Tapi, berdasarkan petunjuk nabi, sebagaimana yang diriwayatkan oleh Imam Bukhari, bahwa istikharah dilakukan dengan shalat sunnah dua rakaat di malam hari. Sejatinya, persoalan waktu pelaksanaan shalat istikharah itu dilakukan pada malam hari atau siang hairi tidaklah menjadi permasalahan yang cukup besar. Karena jika ditilik hadits tersebut, Kanjeng Rasul Saw. tidak menjelaskan waktu, dan bahkan tidak mencantumkan nama shalat itu sebagai shalat istikharah. Penamaan istikharah itu muncul dari istilah ulama bukan dari Rasulullah Saw. Jadi, shalat itu hakekatnya adalah shalat sunnat mutlak yang tidak memiliki waktu penetapan dalam pelaksaannya. Kemudian berubah menjadi istikharah karena terkait dengan hajat (keperluan) hamba terhadap Rabb-nya dalam memilihkan jawaban terbaik dari persoalan yang dihadapinya. Dapat dikatakan, bahwa shalat istikharah nyaris sama dengan sholat hajat yang pada dasarnya tidak memiliki waktu penetapan pelakasaannya.
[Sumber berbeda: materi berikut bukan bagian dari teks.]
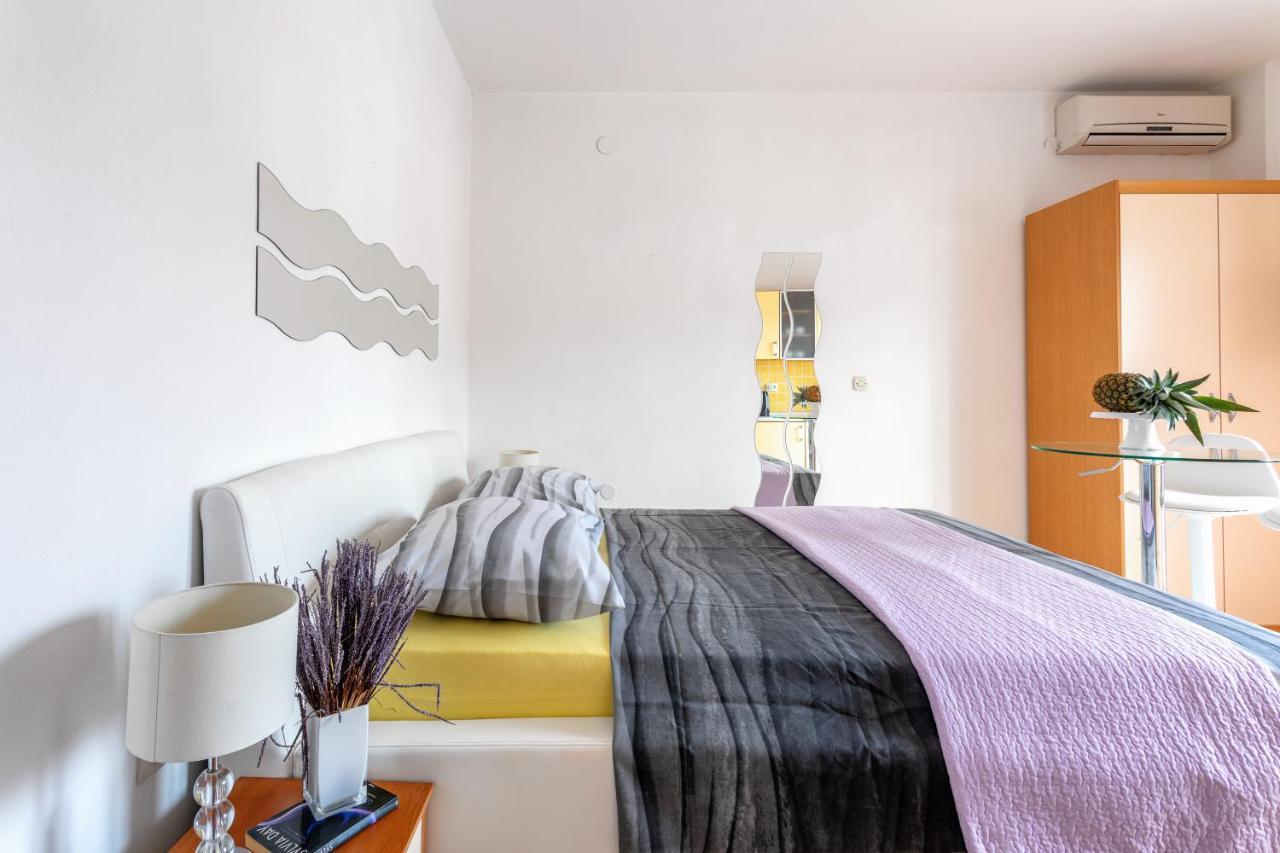 Apartments Dobrila Hvar Town Exterior photo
Adapun tata cara shalatnya tidak jauh berbeda dengan shalat sunnah lainnya. Perbedaannya hanya terletak ketika selesai shalat, orang yang bersangkutan disuruh membaca doa istikharah yang intinya berisi permohonan kepada Allah Swt., agar ia diberikan sesuatu yang terbaik untuk kepentingan jangka pendek (dunia) maupun jangka panjang (akhirat). Berdasarkan hadits itu pula, seorang muslim, menurut Imam Syaukani, tidak boleh meremehkan sesuatu perkara dan mengabaikan istikharah. Kenapa? Sebab, banyak sekali terjadi kasus kecil yang diremehkan atau disepelekan, namun ketika diambil atau dtinggalkan, justru menimbulkan bahaya besar di kemudian hari.
Shalat istikharah sangat penting untuk dilakukan karena pilihan manusia acapkali bersifat subjektif dan terkadang tak terlepas dari dorongan nafsu. Sehingga, pilihan manusia seringkali mencewakan dan menimbulkan kekesalan. Dapat dipahami jika manusia kadang membenci sesuatu yang baik dan sebaliknya mencintai sesuatu yang buruk. Dalam hal ini, al-Qur an mensitirnya dalam surat Al-Baqarah ayat 216: “Boleh jadi kamu membenci sesuatu padahal ia sangat baik bagimu, dan boleh jadi pula kamu menyukai sesuatu padahal ia amat buruk bagimu. Allah mengetauhi, sedangkan kamu tidak mengetauhi”.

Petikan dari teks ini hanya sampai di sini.